I have the same problem. I am on a corner so the entire side of my house is exposed. I need to decorate it with something. I have a large banner I'm thinking of taping up. I have seen those vinyl siding hooks too but have never tried them. I think I read some reviews about them and think they were pretty good. Here's a couple of links... 

Amazon.com: Christmas Mountain VSH05 2 Pack Vinyl Siding Hook: Home Improvement

S Hooks for Vinyl Siding - Improvements Catalog


----------



## Muffy (Sep 25, 2006)

WE hang a lot of strings of lights on our garage & the front of the house. We use those clips you see at xmas to string lights on your gutters, they work great for us. We also hang plastic scene setters from them. We use that long extension pole ya see at Lowe's at Xmas to hang everything so we don't even have to get up on the ladder. Makes good sense for Seniors!lol

OH OH think I misunderstood the inquiry!


----------



## Jack Reaper (Nov 19, 2003)

Duct Tape.....Cheap, effective...


----------



## FirstSpartan (Aug 7, 2008)

Many of the vinyl sheeting have vent holes on the bottom which just so happen to be the same size as paper clips. I just open up the paper clip, make a loop at the bottom and bend the ends 90 degrees and squeeze them into the holes. For small props 1 or 2 clips are enough and I'll use 3 or 4 paper clips with fishing line to hang some of the larger props like the spiders from Spirit. 
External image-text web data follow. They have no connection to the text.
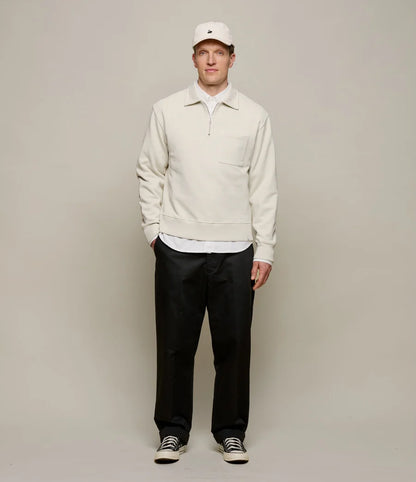 MZB Authentic Fleece Polo Collared Half-Zip Cotton Sweatshirt Nature
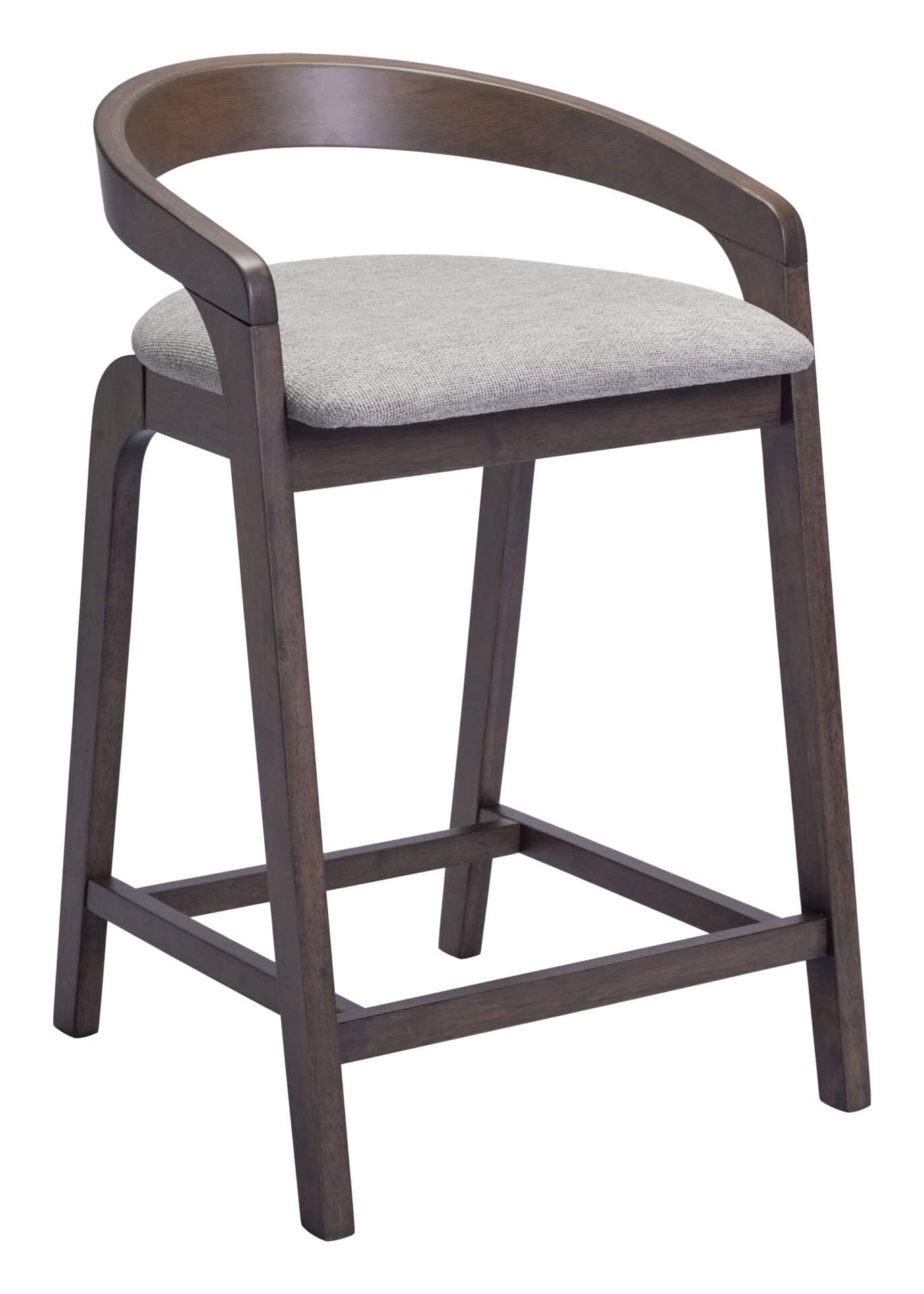 Contemporary Rubberwood Counter Stool in Dove Gray and Espresso (Set of 2) 1 Contemporary Rubberwood Counter Stool in Dove Gray and Espresso (Set of 2)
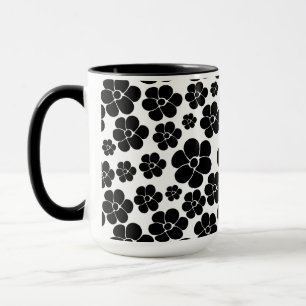 Caneca Padrão de Flor - Preto e Branco
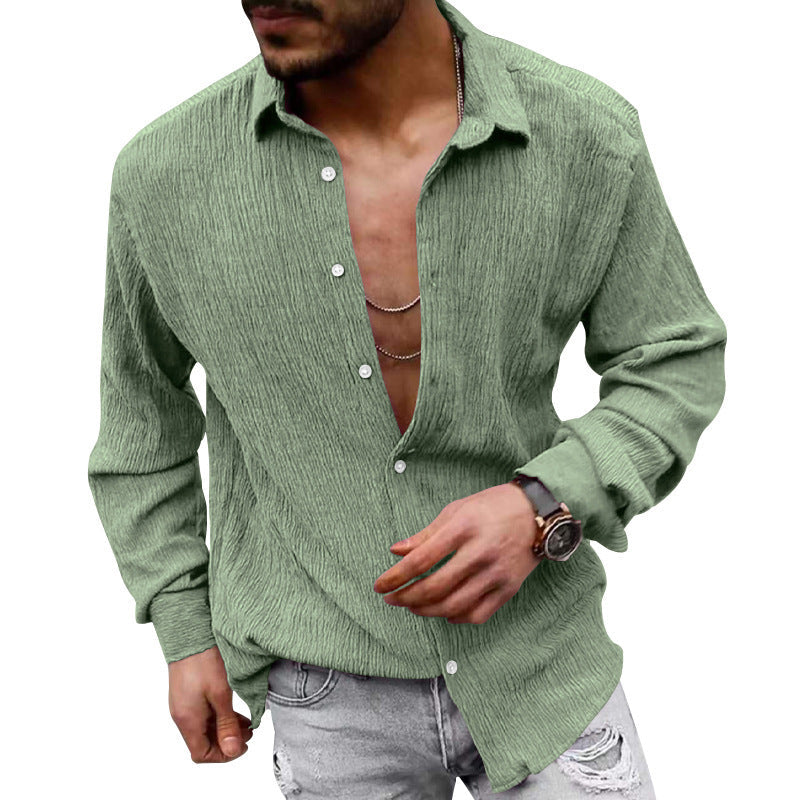 Men's Long-Sleeve Shirt Modern Textured Look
I would just say to be carefully about how much weight you put on each sheet. I've never had a problem in past years but then again I'm not too worried about repairs as my father and brother are carpenters and to them it's an 'easy' fix if I can't figure it out myself.

Here's a pic of the spider on the side of the house. It was pretty light but I used 2 or 3 clips for it. There was some more spiders on the other side of the house but no pics, sorry. I'm also on a corner lot so I have a whole side of house to play with. This year I think we're going to put a lot of spiders crawling across the side of the house


----------



## drsprite (Aug 29, 2008)

last year i used the 3M hooks that have removable adhesive. they sell them everywhere - Target, CVS, Walgreens, Wal-Mart, etc..

Here's a quick google search to show what I mean...

Sam's Club - 3M Removable Utility Hooks with Command™ Adhesive


----------



## Ghost of Spookie (Sep 28, 2008)

Nice haunt FirstSpartan!

Creepingdth, below is a link to a post I made in which I responded to someone looking for vinyl siding hooks to put up beef netting on the side of their vinyl-clad house. These are under $8. The hooks run $2.50-$3.00 per hook depending on the style. JMT Home Products' hooks support 5-6 pounds. The post also mentions hooks for those homes with brickwork in case anyone has that requirement.

http://www.halloweenforum.com/687578-post5.html

BTW I'd be careful with duct tape. That stuff adheres really well and might not come off without doing damage. JMO.


----------



## creepingdth (Sep 10, 2009)

thanks everyone, never thought of paper clips, think i'll be trying that. btw, love the house


----------



## Dragonomine (Sep 28, 2008)

Jack Reaper said:


> Duct Tape.....Cheap, effective...


And the backing glue is still on my vinyl and painted porch posts. Ruined.


----------



## creepingdth (Sep 10, 2009)

anyone else have pics or ideas of how to decorate the side of your house?


----------